Quantizing 123B-class models for personal hardware is not as turn-key as it sounds:

  1. Single-node modelopt fails on Spark. The standard modelopt hf_ptq.py workflow silently OOM-kills on the GB10 because accelerate.infer_auto_device_map misdetects unified memory as a 5.2 TB GPU.

  2. Two Sparks (256 GB combined UMA) aren't enough for Behemoth at full precision. A 50/50 layer split would put ~115 GB on each Spark — but Ray's actor overhead + Phase-3 calibration activation buffers push that over the 128 GB UMA ceiling. Both attempts at a 2-Spark Behemoth quant hit OOM-killer during calibration.

  3. The fix: add a third node. A 41/41/6-layer split across 2 Sparks + an RTX 3090 (24 GB VRAM, hosted in a Proxmox VM, attached over plain 2.5 GbE LAN) brings each Spark's load down to ~118 GB and ~115 GB with comfortable headroom, while the 3090 handles the tail 6 layers + lm_head + norm in ~22 GB VRAM. Ray RPC handles cross-node hidden-state passing transparently.

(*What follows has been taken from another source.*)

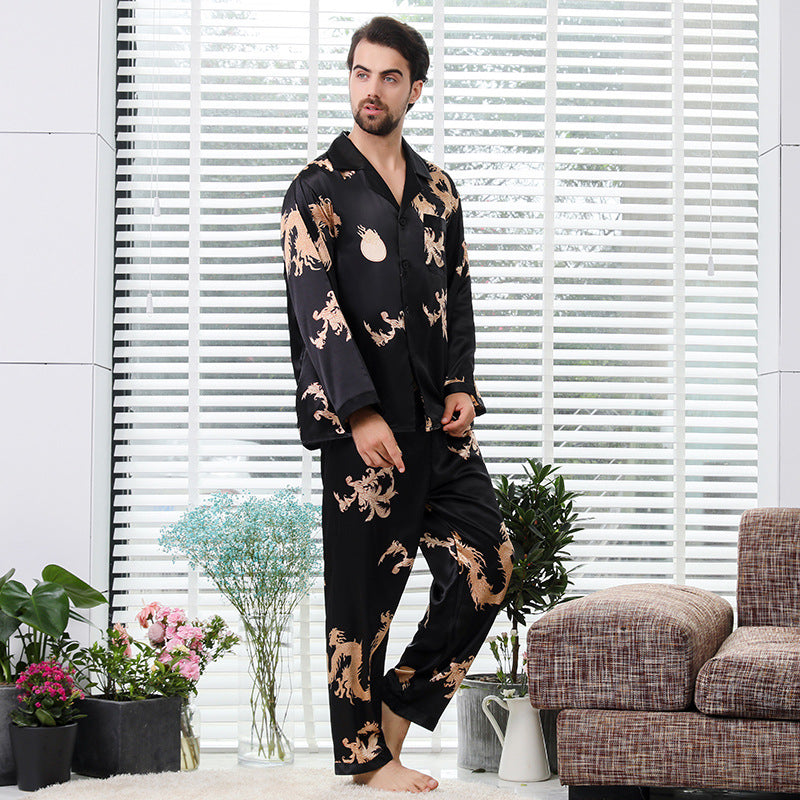 Black silk men's pajama set with golden dragon print, showcasing traditional loungewear style with all-over pattern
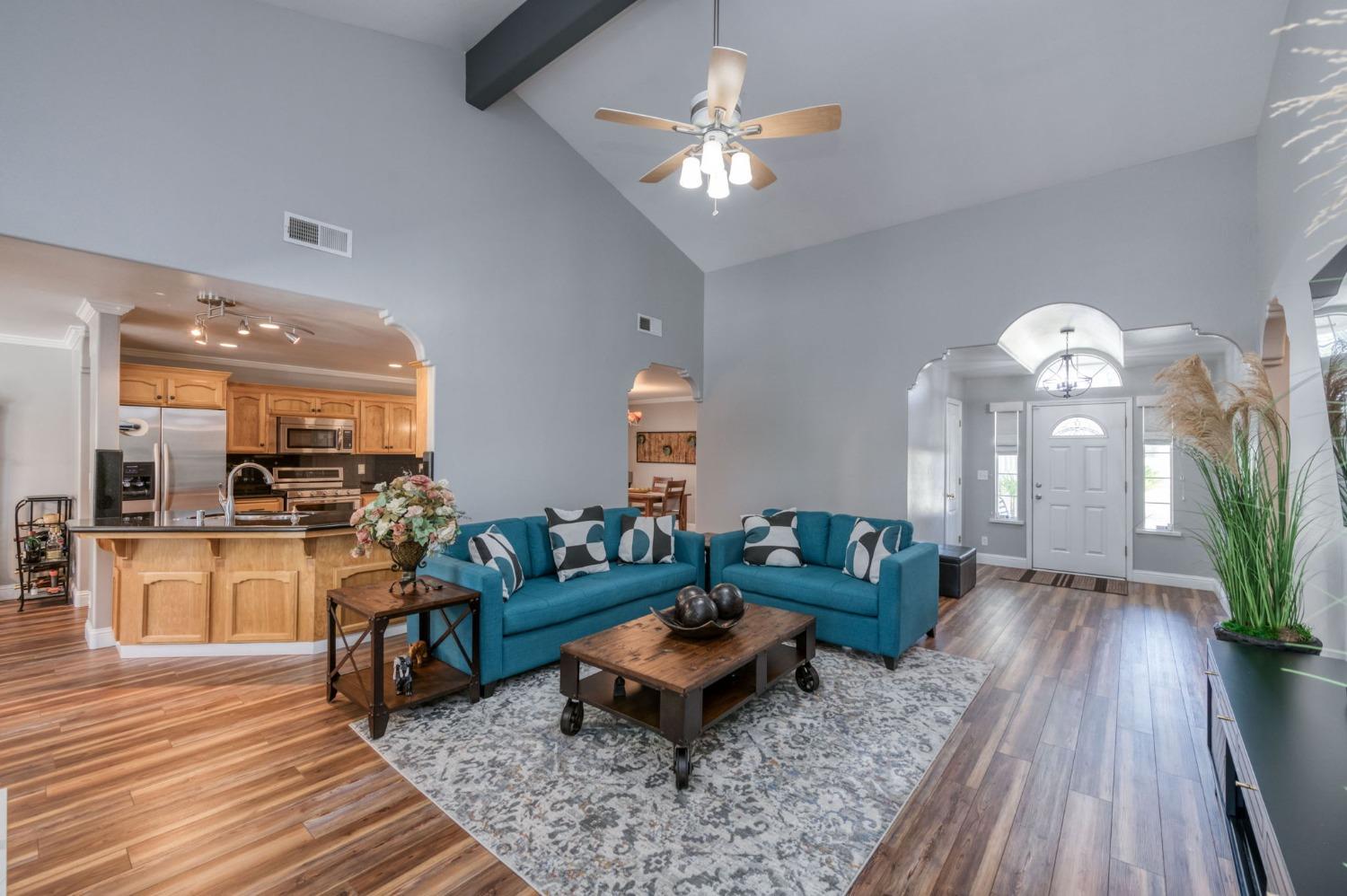 25106 Ave 18 Madera, CA 93638 - Photo 7 of 66 a living room with furniture a chandelier and a rug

This is the first model produced with the 3-node N-shard variant of the distrib-nvfp4 pipeline. The pipeline is open-source at github.com/KaletoAI/distrib-nvfp4 (Apache 2.0) — same scaffold, with --shard-layers a,b,c for arbitrary N-way splits and automatic memory-sorted node placement so the smallest-VRAM node gets the smallest shard.


The hardware: 2× DGX Spark + 1× RTX 3090

The cluster used to produce this artifact:

Node GPU Memory Role
DX10-01 (GB10 Spark) NVIDIA GB10 (sm_121) 128 GB UMA shard0: layers 0–40 + embed_tokens
DX10-02 (GB10 Spark) NVIDIA GB10 (sm_121) 128 GB UMA shard1: layers 41–81
eGPU host (Proxmox VM) NVIDIA RTX 3090 (sm_86) 24 GB VRAM shard2: layers 82–87 + final norm + lm_head
  • ConnectX-7 200 GbE IB between the two Sparks (Ray RPC over IB)
  • Plain 2.5 GbE LAN between Sparks ↔ eGPU host (Ray RPC over LAN)
  • NFS-shared source weights so all three nodes read from the same path

Total combined compute: ~280 W system draw at the wall during calibration. The 3090 added ~150 W on top.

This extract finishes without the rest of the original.